Photo d'archives, Pierre-Paul Poulin
Sophie Brochu cédera la barre d’Hydro-Québec le 11 avril, deux ans avant la fin de son mandat de cinq ans. Elle n’obtiendra pas d’indemnité de départ, a-t-elle confirmé à TVA Nouvelles.

Le premier ministre François Legault n’aurait pas tenté de la retenir, car la décision était « irrévocable », selon ce qu’a dit Sophie Brochu en entrevue à TVA. 

Elle aura effectué l’un des plus courts mandats de PDG d’HQ depuis les années 1970 et elle part alors que d’importants chantiers doivent être réalisés. 

« Ceux qui me connaissent savent que je suis une architecte », a-t-elle dit, ajoutant qu’il était sain d’aller chercher quelqu’un dont « le talent est celui de l’exécution d’un plan ». 

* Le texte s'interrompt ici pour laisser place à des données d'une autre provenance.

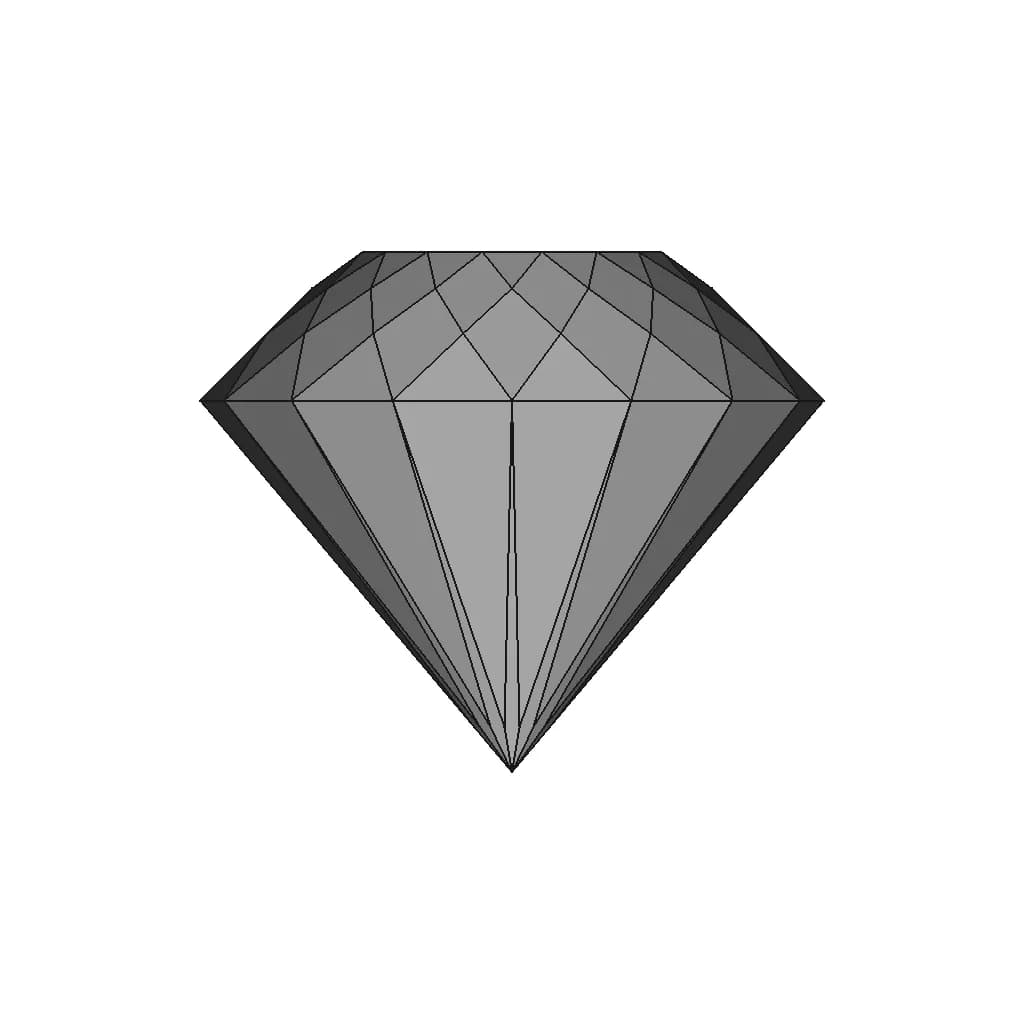 Diamond 钻石 | 3D Engineering Design File_0_270_degree_snapshot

En 12 ans à la tête d’Énergir auparavant, Mme Brochu avait pourtant été en mesure de concevoir et d’exécuter ses plans stratégiques.

Son départ le 11 avril précédera de peu celui de la présidente du CA, Jacynthe Côté, qui a annoncé, début décembre, qu’elle ne renouvellerait pas son mandat se terminant en mai 2023.

À l’automne, les médias ont dévoilé que le courant passait mal entre Mme Brochu et le puissant ministre de l’Économie, de l’Innovation et de l’Énergie, Pierre Fitzgibbon. Le jour où il avait été assermenté en octobre, elle avait confirmé à ses employés son intention de rester en poste, tout en reconnaissant s’être posé des questions sur la gouvernance. La formation d’un comité de l’énergie présidé par François Legault avait, semble-t-il, favorisé sa décision de continuer. 

Gestion de crise critiquée

Au cours de la période des Fêtes, la gestion de crise et les communications difficiles ont été montrées du doigt par les maires de certaines municipalités touchées par des pannes électriques qui ont duré plusieurs jours à partir du 23 décembre. 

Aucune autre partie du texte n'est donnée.